On 2015-08-04 PM 05:58, Geoff Winkless wrote:
>
> Although it seems Amit has defined the problem better than I could, so
> this is a bit late to the party (!), yes, the table had been ALTERed after
> it was created (looking back through the history, that modification
> included at least one DROP COLUMN).
>
It seems using any columns that used to be after a dropped columns cause
EXCLUDE pseudo-relation to misbehave.

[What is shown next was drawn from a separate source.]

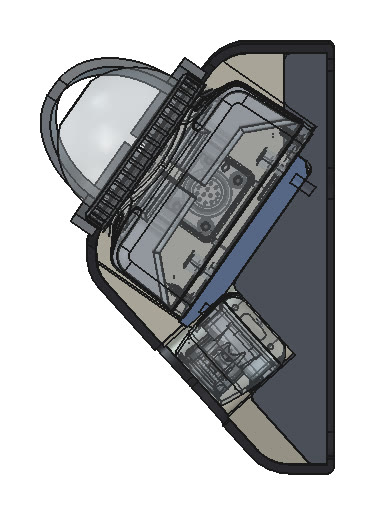 Side section of Rev D3.3 showing the lidar on its plate, tilted up on top, and the D435 below, inside the filler and bumper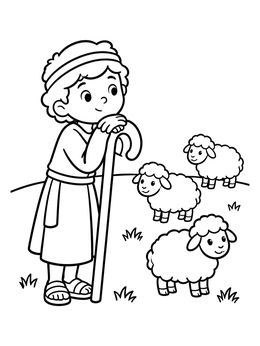 Free printable Abel Watching Over His Sheep coloring page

For example, I observed another symptom:
test=# CREATE TABLE upsert_fail_test(a int, b int, c int, d smallint);
CREATE TABLE
test=# ALTER TABLE upsert_fail_test DROP b;
ALTER TABLE
test=# ALTER TABLE upsert_fail_test ADD PRIMARY KEY (a, c, d);
ALTER TABLE
test=# INSERT INTO upsert_fail_test(a, c, d) VALUES (1, 2, 3) ON CONFLICT
(a, c, d) DO UPDATE SET c = EXCLUDED.c;
INSERT 0 1
test=# INSERT INTO upsert_fail_test(a, c, d) VALUES (1, 2, 3) ON CONFLICT
(a, c, d) DO UPDATE SET c = EXCLUDED.c;
ERROR: null value in column "c" violates not-null constraint
DETAIL: Failing row contains (1, null, 3).
Or, the EXCLUDED pseudo-rel failed to deliver '2' produced by the subplan
and instead produced a 'null' which I guess was caused by the dropped
column 'b'.
Perhaps, it may have to do with how EXCLUDED pseudo-rel's targetlist is
manipulated through parse-plan stage?